Over all, the meal turned out great....and I was able to relax and do some fishing in the time that it took for the meal to cook.


I did do a lot of meals over the fire, this was just one option I wanted to do so I could have a day off from tending the fire.


----------



## cowgirl (Jun 11, 2008)

Thanks Ken and Craig! 
I think it took me longer to post these pictures than it did to dig that pit!! lol


----------



## pineywoods (Jun 11, 2008)

It looks great hope you caught some fish too.


----------



## doctor phreak (Jun 11, 2008)

cowgirl ,
r u married if not can i put my bid in
who cannot love a woman that luvs to go camping , fishing , smoking , all the great stuff that men like to do...nice job..its been awhile that i did some pit cooking might have to try in my backyard soon.....


----------



## daddio (Jun 11, 2008)

dang!!! now that gal is a serious cook!!! that all looks real good,super job on them vittels,and you got way more energy than me..lol


----------



## cowgirl (Jun 11, 2008)

Piney, I didn't catch any monsters, but didn't get skunked either....caught several of these. Had a great time...


----------



## erain (Jun 11, 2008)

looks great patty!!! glad u got to do some fishin!!!!


----------



## cowgirl (Jun 11, 2008)

Mike....one of these days I'm gonna accept one of y'alls offers....THEN you'll be sorry..LOL!

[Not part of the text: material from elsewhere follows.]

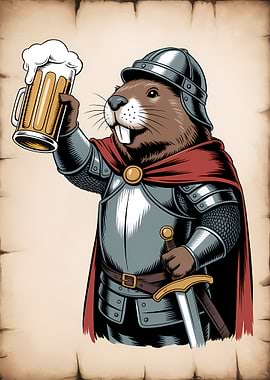 Beaver Knight with Beer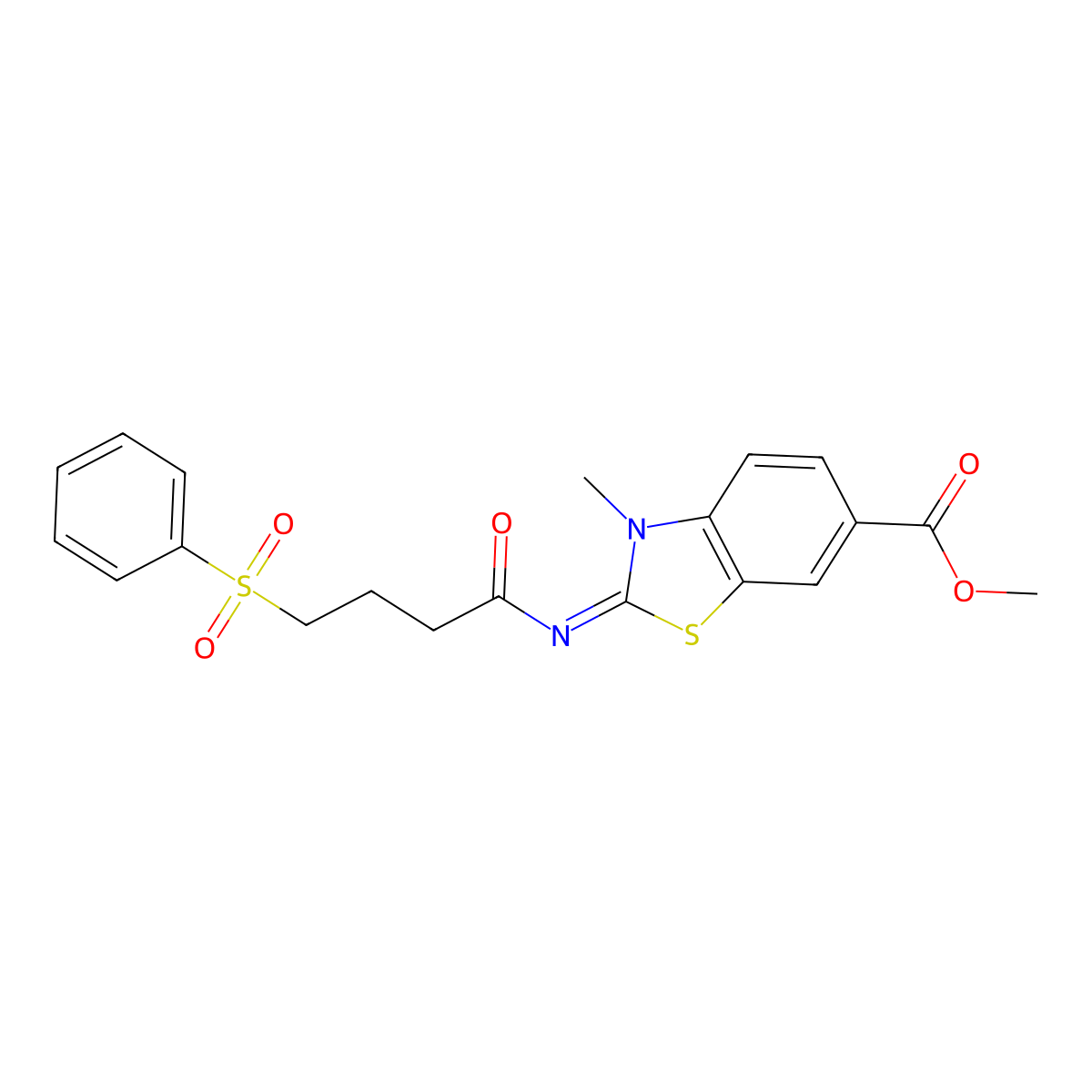 methyl (2E)-2-{[4-(benzenesulfonyl)butanoyl]imino}-3-methyl-2,3-dihydro-1,3-benzothiazole-6-carboxylate molecular structure, CAS 1006851-20-2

Thank you for the compliment...I appreciate it.


----------



## vlap (Jun 11, 2008)

Every time you post I fall in love all over again... Food truely is the way 
	

	
	
		
		



		
		
	


	





Very nice food and looks like ya got some decent fish


----------



## cowgirl (Jun 11, 2008)

Thanks DADDIO!  I really did have a harder time posting these pictures than doing any of the pit cooking....lol   I'm an outdoors girl, not a computer wiz....


----------



## cowgirl (Jun 11, 2008)

Thanks erain!! It was a lot of fun!


----------



## cowgirl (Jun 11, 2008)

LOL...talk about falling in love, your smoked bloody marys, brunch and brisket won my heart!

Luv ya Vlap!


----------



## vlap (Jun 11, 2008)

You know... 1255 miles isn't so far 
	

	
	
		
		



		
		
	


	





 Just 2 and a half Nascar races


----------



## cowgirl (Jun 11, 2008)

Yea...and if I drive as fast as they do, I could be at your front door in no time...


----------



## vlap (Jun 11, 2008)

HA!! Should I rent a kayak for this weekend?


----------



## cowgirl (Jun 11, 2008)

Heck yea! lol  I wish!!


----------



## pineywoods (Jun 11, 2008)

Yep looks like ya caught fish too


----------



## lcruzen (Jun 11, 2008)

Patty, what an incredible spread. If I tried that we'd be eatin dirty rice as I'm sure I'd screw it up and have dirt in everything.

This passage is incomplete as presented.